A similar adaptation, Men of Respect, was released in 1990, starring John Turturro, Rod Steiger and Dennis Farina.

Plot
Mob trigger man Joe "Mac" MacBeth assassinates Tommy, second-in-command to crime boss "Duke" Duca, on Duke's orders and then proceeds to his own wedding, where his bride Lily scolds him for being two hours late. As they celebrate their marriage that night at Duke's nightclub, fortune teller Rosie declares that Joe's destiny is to become the kingpin of the mob. The ruthlessly ambitious Lily is convinced of the fortune's inevitability, but Joe brushes it off. Almost immediately after Rosie leaves, however, Duke arrives and rewards Joe with a promotion to Tommy's old position and his prized lakeside mansion.

Duke's mob soon goes to war with a rival outfit run by the gluttonous Big Dutch. After Big Dutch's men turn the tables and make inroads on Duke's territory, Joe pays the rival boss a personal visit at a restaurant and secretly poisons a dish. Once Joe departs, Big Dutch devours the tainted food, then dies on the spot.

During an overnight party at the lakeside mansion to celebrate Big Dutch's demise, Lily continues to goad Joe into going after Duke, but Joe hesitates. The festivities end with Duke inviting Lily to go for a swim. Once in the water, Joe stabs his boss in the back and holds him under until he is dead, but he is shaken by the act and fails to remove the knife, forcing Lily to dive in and recover the murder weapon. In the morning, when Duke's bodyguards come to pick him up and he cannot be found, Lily claims to have discovered Duke's robe by the lake and suggests he drowned while swimming. Joe is immediately elevated to kingpin and he promotes his friend Banky to his right-hand man.

Banky's son Lennie resents Joe's rapid rise, asserting that his father served Duke long before Joe came along. He also openly casts suspicion on Duke's death. The loyal Banky beats Lennie for the insubordination, but urges Joe to set his son up with a small business so that his family can leave the criminal life. Later, Joe and Banky come across Rosie again, and she claims Joe is being overshadowed by his friend. The men laugh off Rosie's words, but shortly after, Joe hires a pair of hitmen from out of town to eliminate Banky and Lennie; Banky dies, but Lennie escapes, and Lily berates Joe for not doing the job himself.

At a banquet where Lennie unexpectedly shows up, Joe begins to be haunted by nightmares and visions of the men he betrayed. Lennie entertains plans of usurping Joe as the latter's erratic behavior disturbs the rank-and-file members. Meanwhile, Joe sends the hitmen to kidnap Lennie's wife, Ruth, and their daughter to rein the upstart in, but they botch the job. Lily discovers the bodies when she visits Ruth's house and is traumatized. The brutal act also alienates Marty, Joe's last ally in the mob.

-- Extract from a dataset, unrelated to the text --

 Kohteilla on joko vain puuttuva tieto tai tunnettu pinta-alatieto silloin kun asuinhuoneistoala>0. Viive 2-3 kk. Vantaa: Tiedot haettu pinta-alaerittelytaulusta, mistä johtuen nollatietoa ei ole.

That night, Marty warns Joe that Lennie is coming for him. Joe orders the hitmen to guard the mansion while he tends to Lily, but the mercenaries decide to make a run for it and are gunned down by Lennie. Panicked and paranoid, Joe closes himself in a dark room with a machine gun and starts shooting wildly at the slightest movements. When the doors to the room open, he fires at them and kills Lily. As Joe rushes to his wife's side, Lennie then personally executes Joe. Angus, the mansion's longtime butler, suggests that Lennie is the new master of the mansion and therefore the mob, but Lennie disagrees and tells Angus to look for a new job.

Cast
 Paul Douglas as Joe MacBeth
 Ruth Roman as Lily MacBeth
 Bonar Colleano as Lennie
 Grégoire Aslan as Duca, a.k.a. "The Duke"
 Sid James as Banky
 Harry Green as Big Dutch
 Walter Crisham as Angus
 Kay Callard as Ruth
 Robert Arden as Ross
 George Margo as Second Assassin
 Minerva Pious as Rosie
 Philip Vickers as Tommy
 Mark Baker as Benny
 Bill Nagy as Marty
 Nicholas Stuart as Duffy
 Teresa Thorne as Ruth
 Shirley Douglas as Patsy
 Alfred Mulock as First Assassin
 Louise Grant
 Beresford Egan

Production
In 1941, it was announced Philip Yordan had written a play Joe MacBeth which updated Shakespeare's play to the Chicago gang wars. Arthur Vinton was considering producing.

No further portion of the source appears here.